The lynx, if that is what these cats were, prefers snowshoe hares as the staple of its diet. Henhouse raids are certainly possible. Some farmers blamed these cats for the destruction of their sheep, a situation far less likely.
The lynx prefers to hide out in forested areas, and typically shuns farmland. All or some of these reports may have been bobcats, which are more likely to range over farm land. Accounts at the time identified them as either wildcats or lynxes. Reports of these wildcats peter out after 1875. In 1879, Nichol council paid Robert Cattanach $4 for shooting a lynx that had been an unwelcome henhouse visitor. In 1884 there was a report of a huge wildcat roaming in the Arthur area, between five and six feet long. According to one account, it mauled two people, but no names or specific details were ever attached to this tale.

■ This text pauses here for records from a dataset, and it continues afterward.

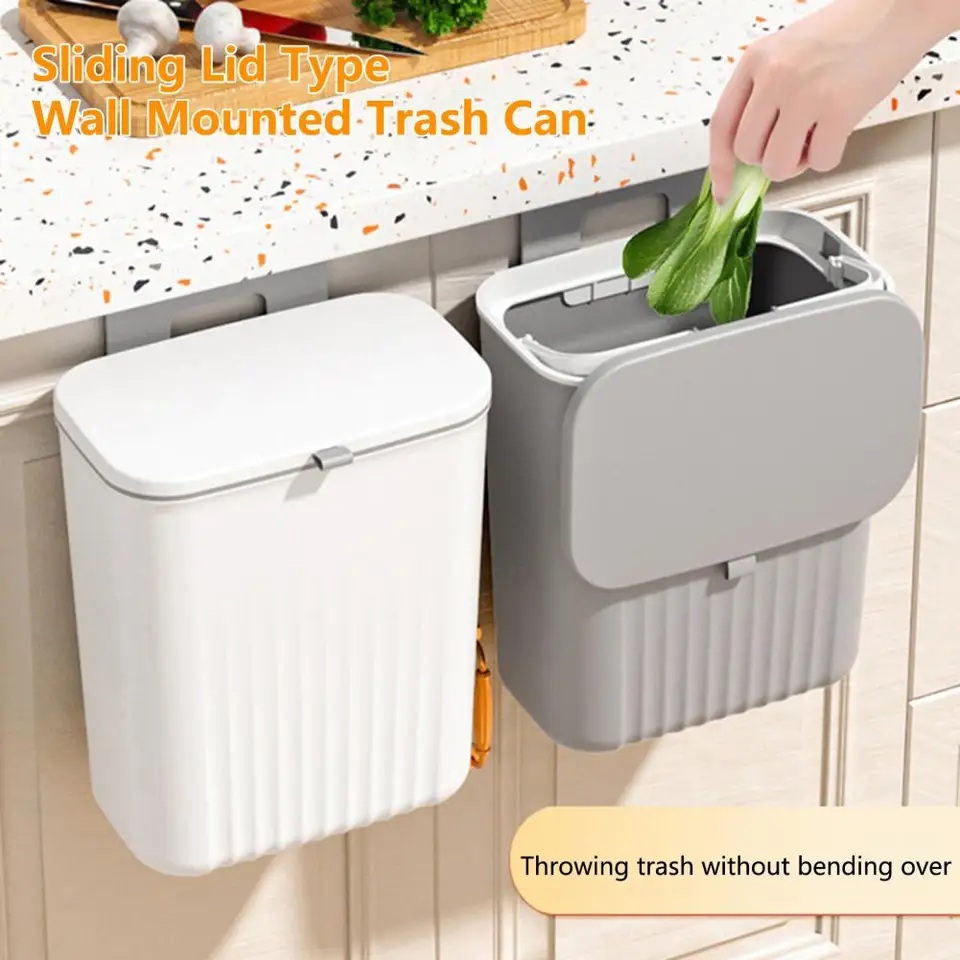 Cross-Border Wholesale Wall-Mounted Trash Can Kitchen Sliding Lid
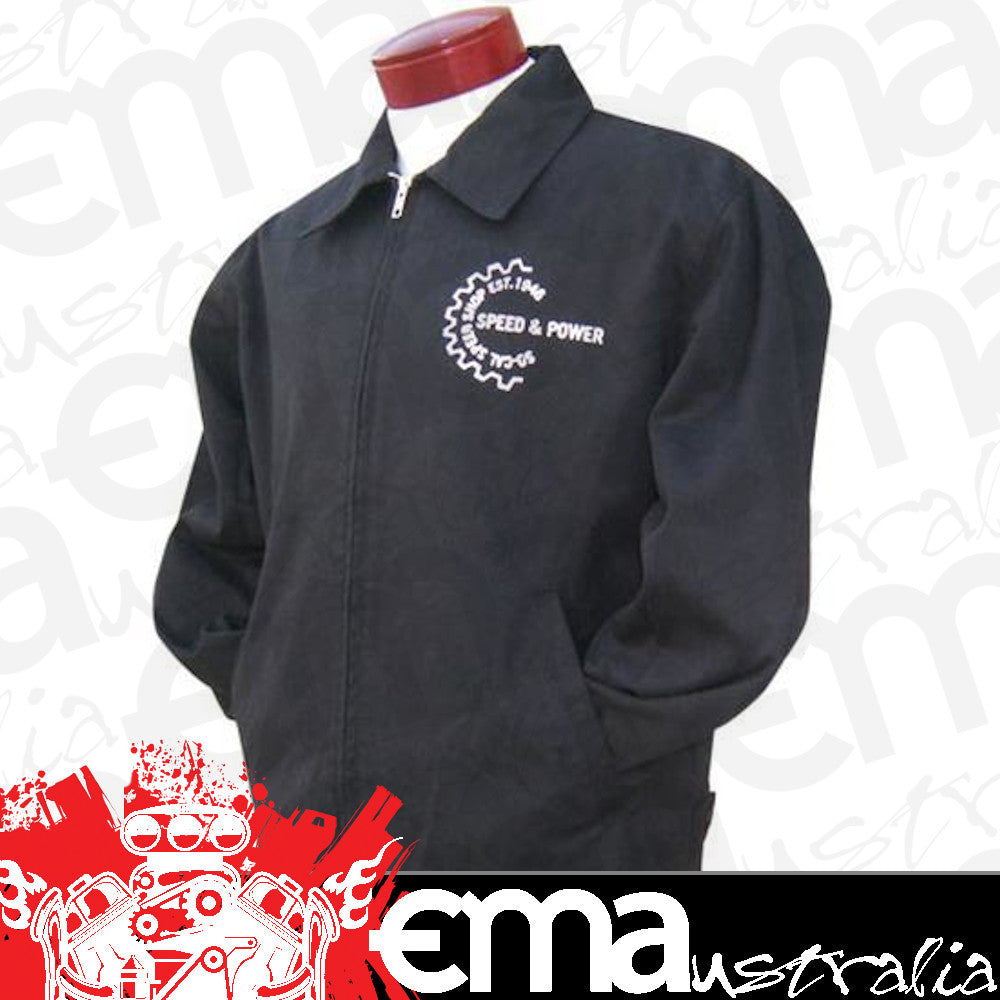 So-Cal Speed Shop SOSSM4000JC10xL Lightweight Mechanic Jacket x Black Large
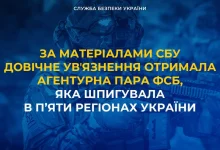 Агентурну пару ФСБ, яка шпигувала в п’яти регіонах України, засуджено до довічного увʼязнення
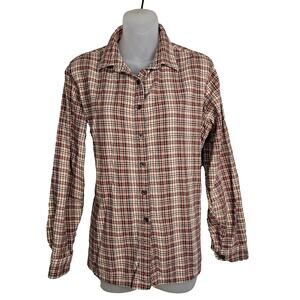 Cabelas Plaid Cotton Button Up Flannel Womens Size Large Cozy Cabincore Outdoor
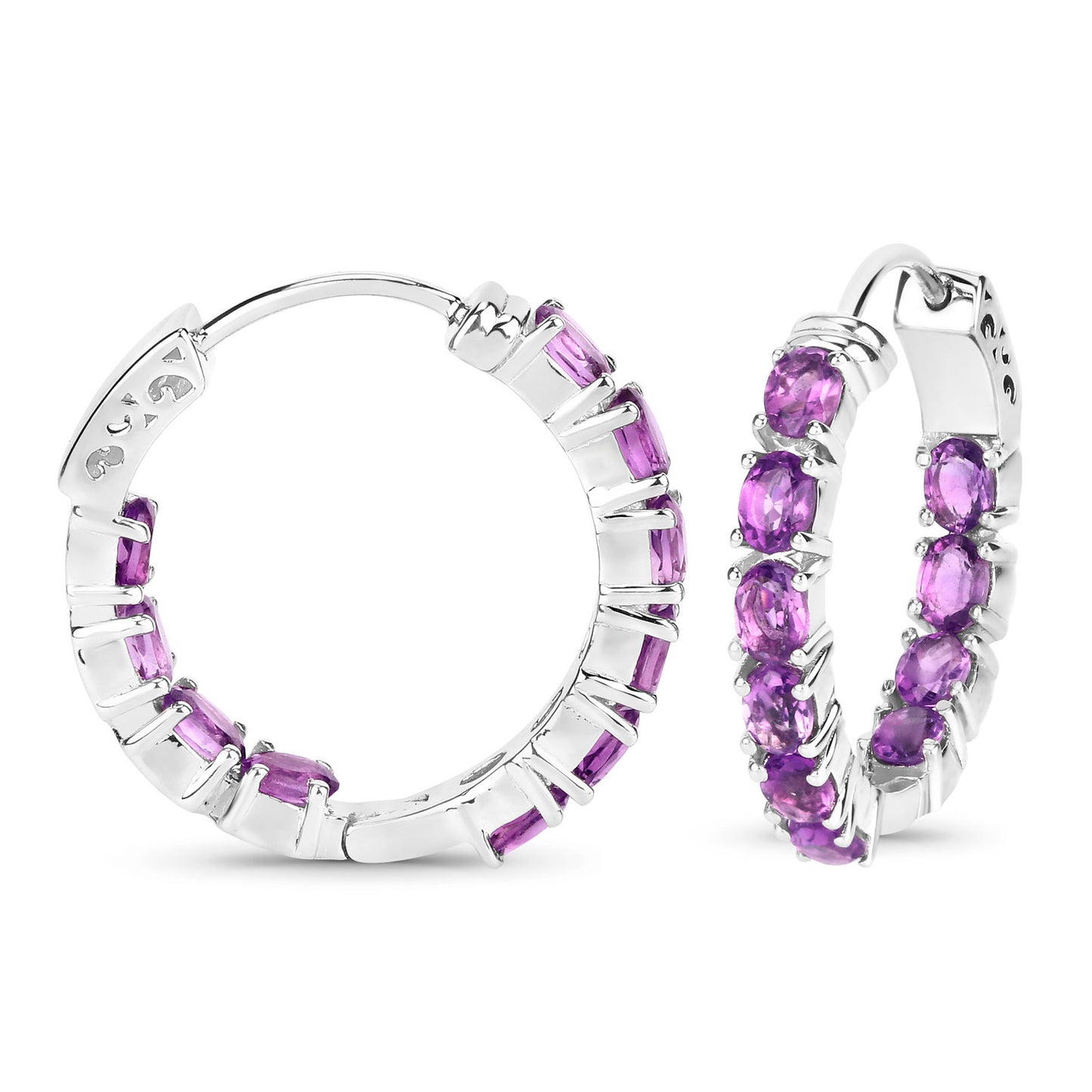Amethyst Earrings 3.18 Carats Sterling Silver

Reports of bears are less common than those of wolves and wildcats. In 1853 a female bear with two cubs was seen several times on the outskirts of Elora, in the area now being prepared for the racetrack, but which was a swamp 150 years ago. Early settlers in Luther Township encountered them occasionally.
A couple of confrontations occurred in 1869. In early November of that year, Bill Gray and Sam Wallace tracked a bear on the north end of the swamp, and finally caught up with it and shot it on Concession 2 of Amaranth. They found two old bullets in the carcass from previous attempts to bring it down. The beast had been terrorizing the area for weeks. It had devoured at least 11 pigs in barnyards over a two-week period. The animal weighed 510 pounds. The hunters cashed in, getting $24 for the carcass and hide.
Three weeks earlier, Bob Powrie and George Cavens had been hunting along the Arthur-Luther town line. They shot a female bear, which became enraged and turned on them. They managed to fire a fatal shot before the bear reached them. Two cubs accompanying their mother scampered off and were never found.
The latest reports of bears come from the 1890s. John Cunningham of East Luther was probably the champion bear hunter of the county. In May 1890 he shot a 400-pound specimen caught in a steel trap. This was the fifth bear he had killed in a two-year period. Reports of wolves, wildcats and bears such as those described here are anecdotal, and prone to inaccuracy. Still, taken together, they can provide a glimpse of the wildlife found in Wellington County a century and more ago.
Bit by bit, they help piece together a much larger story.